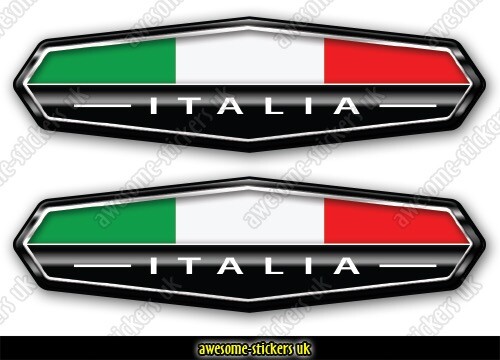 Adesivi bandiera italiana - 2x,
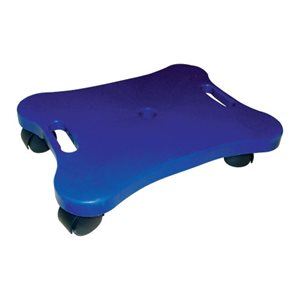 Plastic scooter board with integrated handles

####################

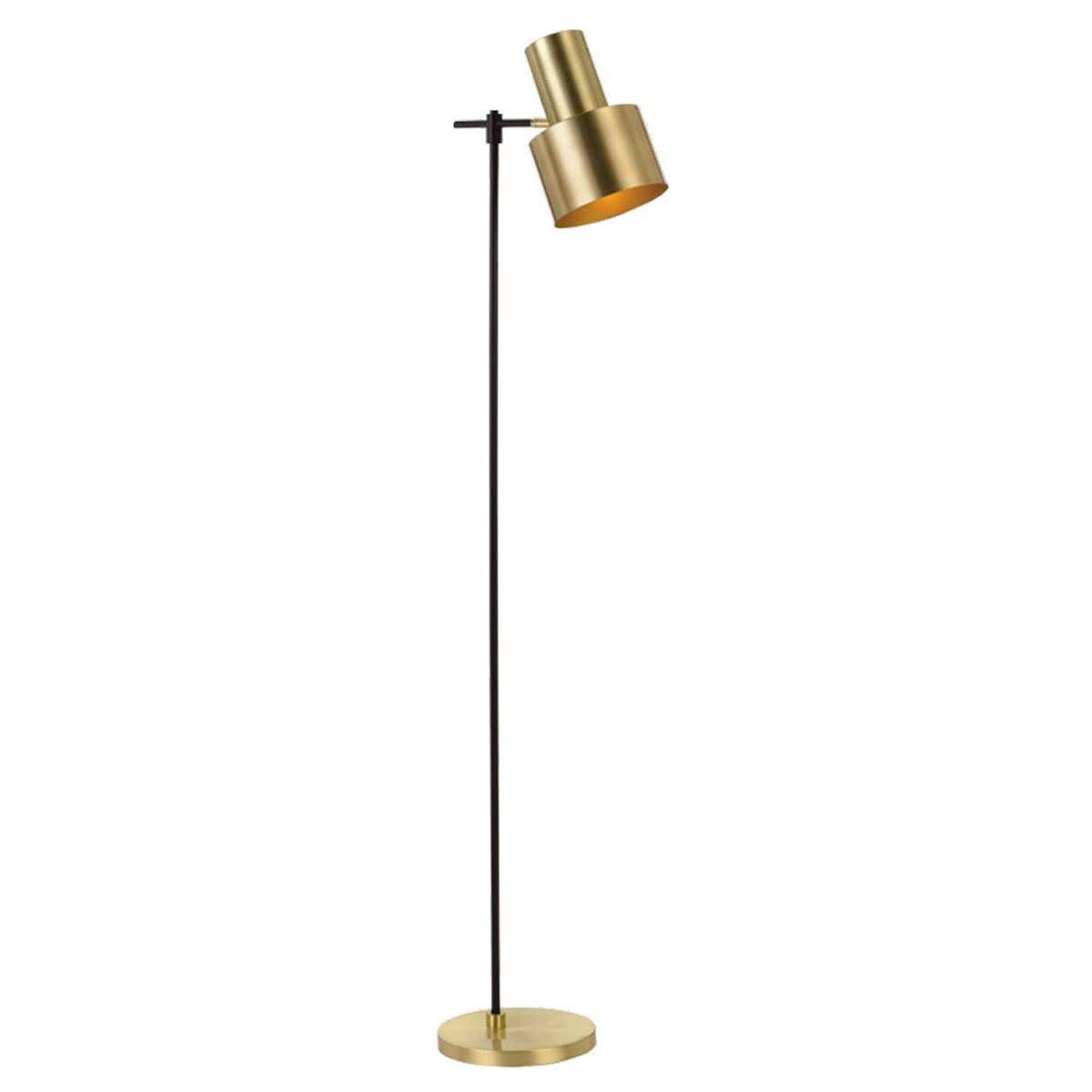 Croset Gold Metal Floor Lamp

####################

▶ [Task instructions]
Out of the records above, set down only the lines from the one that contains "Adesivi bandiera italiana" through the one that contains "Plastic scooter board", unchanged and without the pictures.

▶ [Response to the exercise]
 Adesivi bandiera italiana - 2x,
 Plastic scooter board with integrated handles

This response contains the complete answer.